Begin at the line containing "4 L Jar with" and retype each line through the end of the records exactly. Include nothing else and no pictures.
---------- Data provided
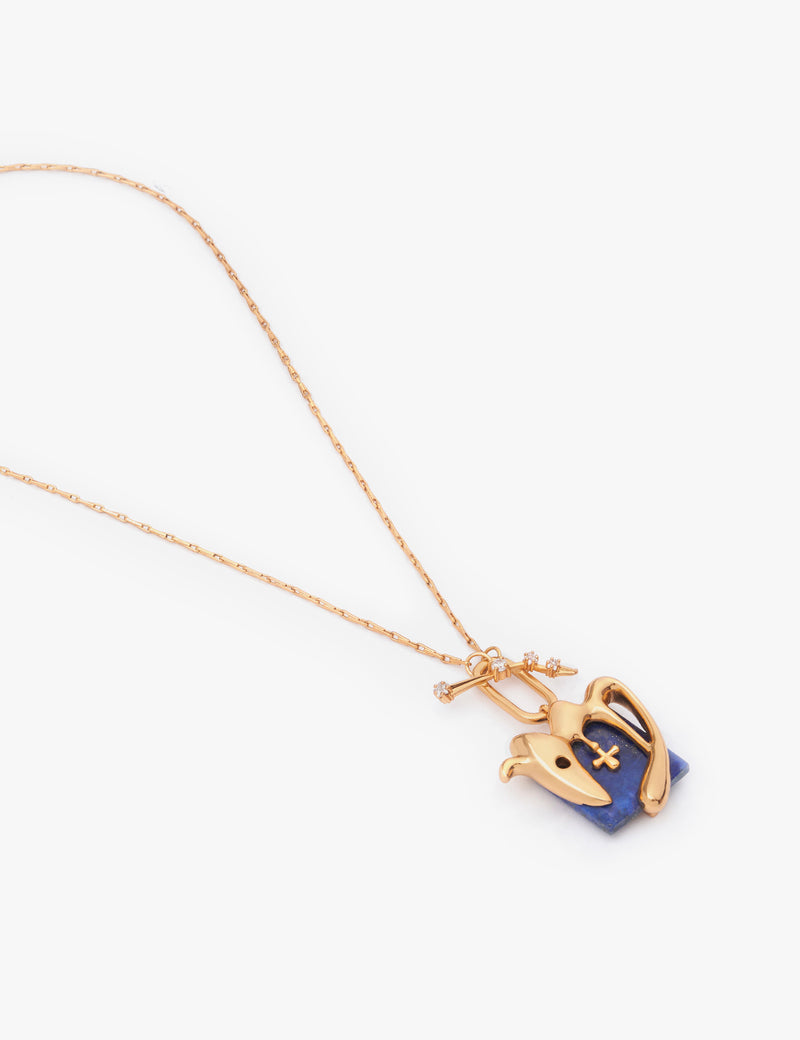 Virgo Zodiac Pendant with Lapis Stone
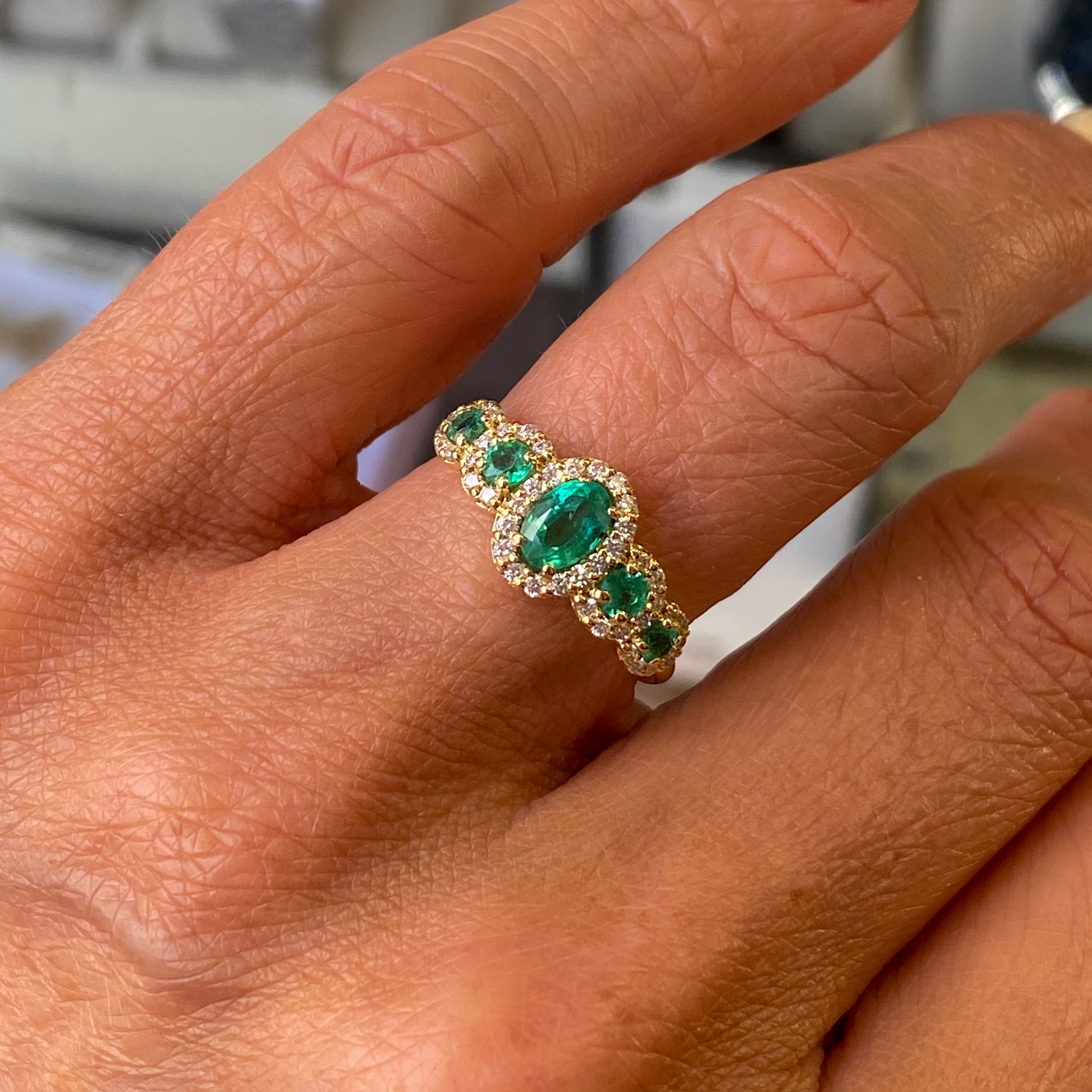 18ct Gold Emerald & Diamond Garland Ring - John Ross Jewellers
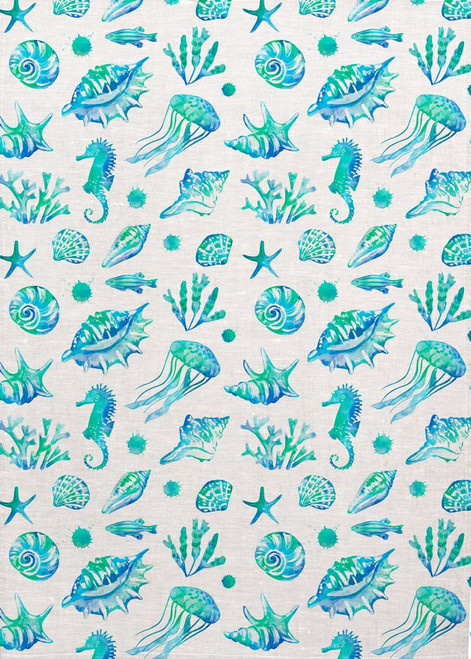 Sealife In Blue Repeat Pattern Printed Tea Towel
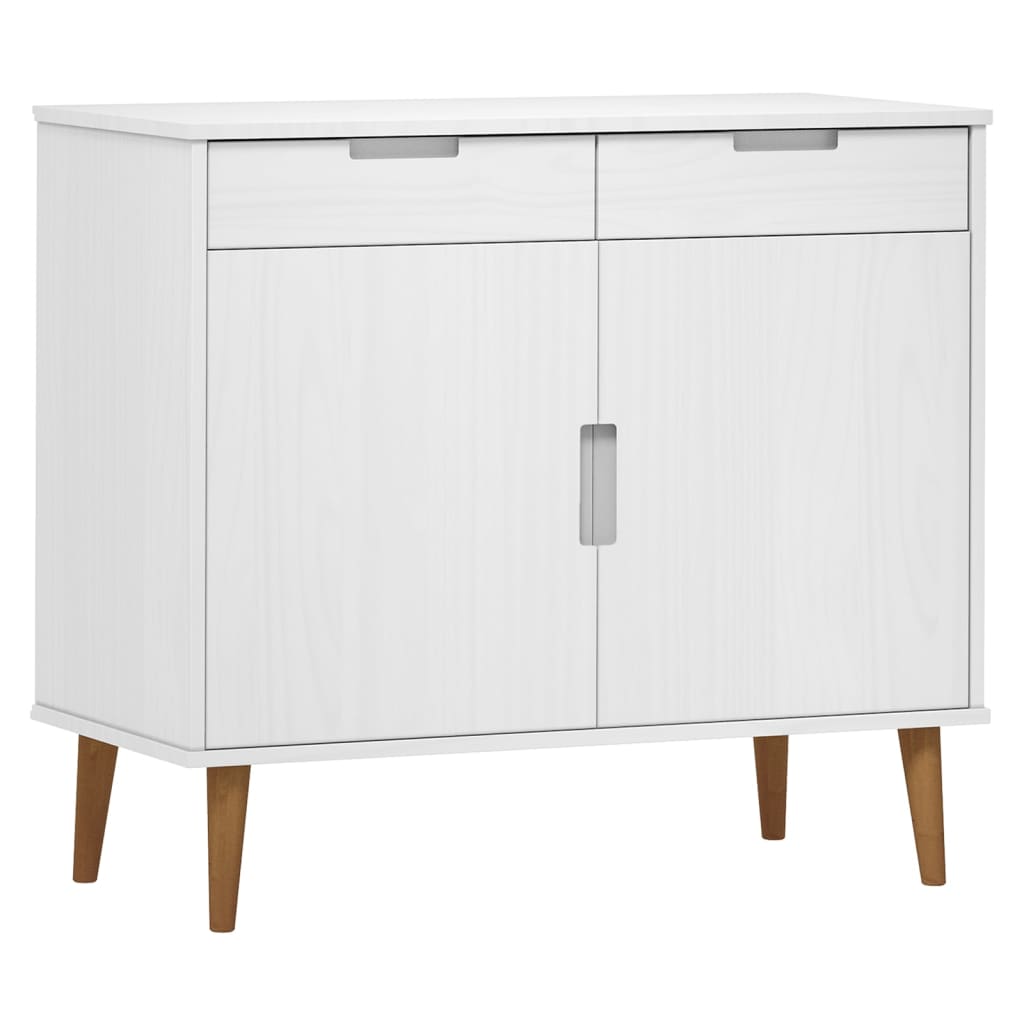 Komoda MOLDE bijela 90 x 40 x 80 cm od masivne borovine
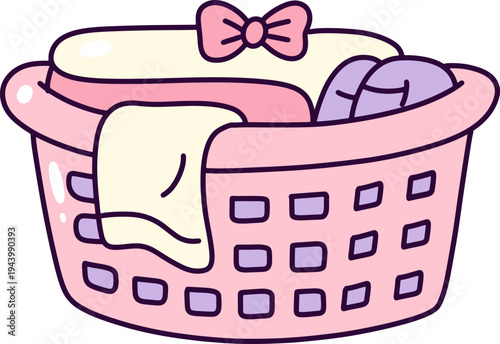 Pastel Laundry Basket Cute Icon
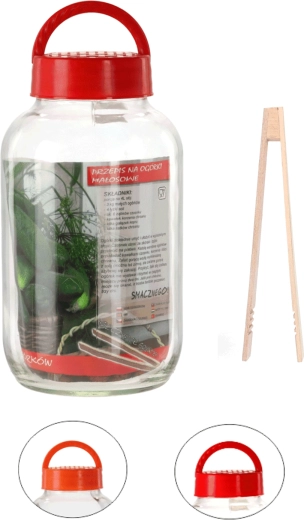 4 L Jar with Plastic Lid, Recipe, and Fruit Tongs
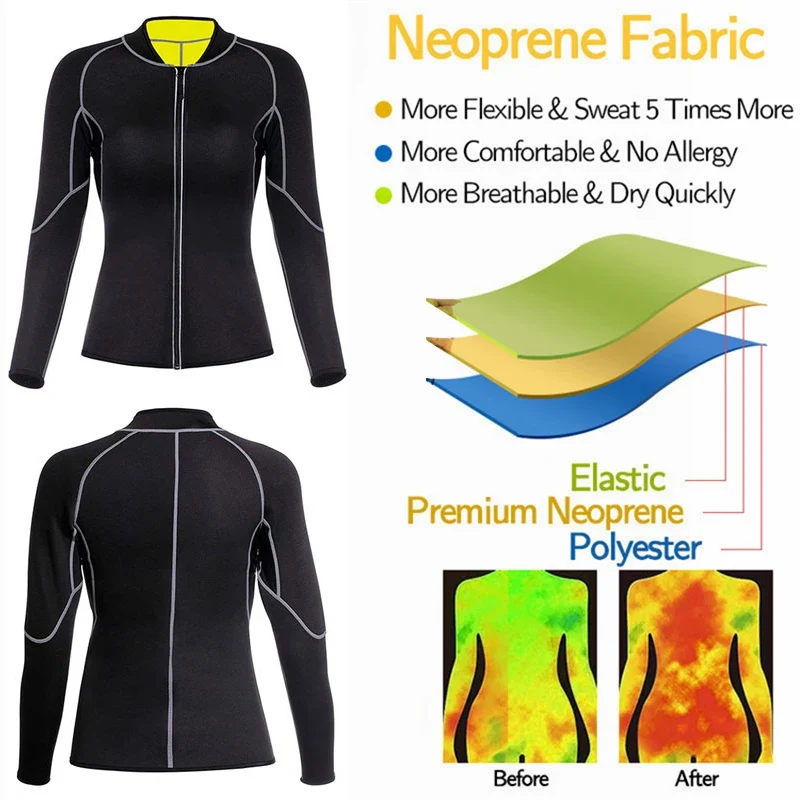 Damen Sauna Weste Abnehmen Anzug Schwitz Hose Sport Shirt Polymer Fitness Yoga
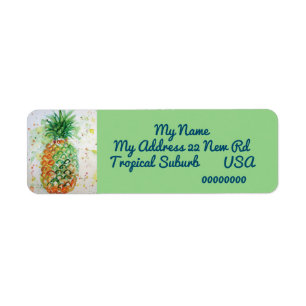 Ananas Tropical Watercolor Rückgabeadresse-Etikett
--------------------
Output of the exercise:
 4 L Jar with Plastic Lid, Recipe, and Fruit Tongs
 Damen Sauna Weste Abnehmen Anzug Schwitz Hose Sport Shirt Polymer Fitness Yoga
 Ananas Tropical Watercolor Rückgabeadresse-Etikett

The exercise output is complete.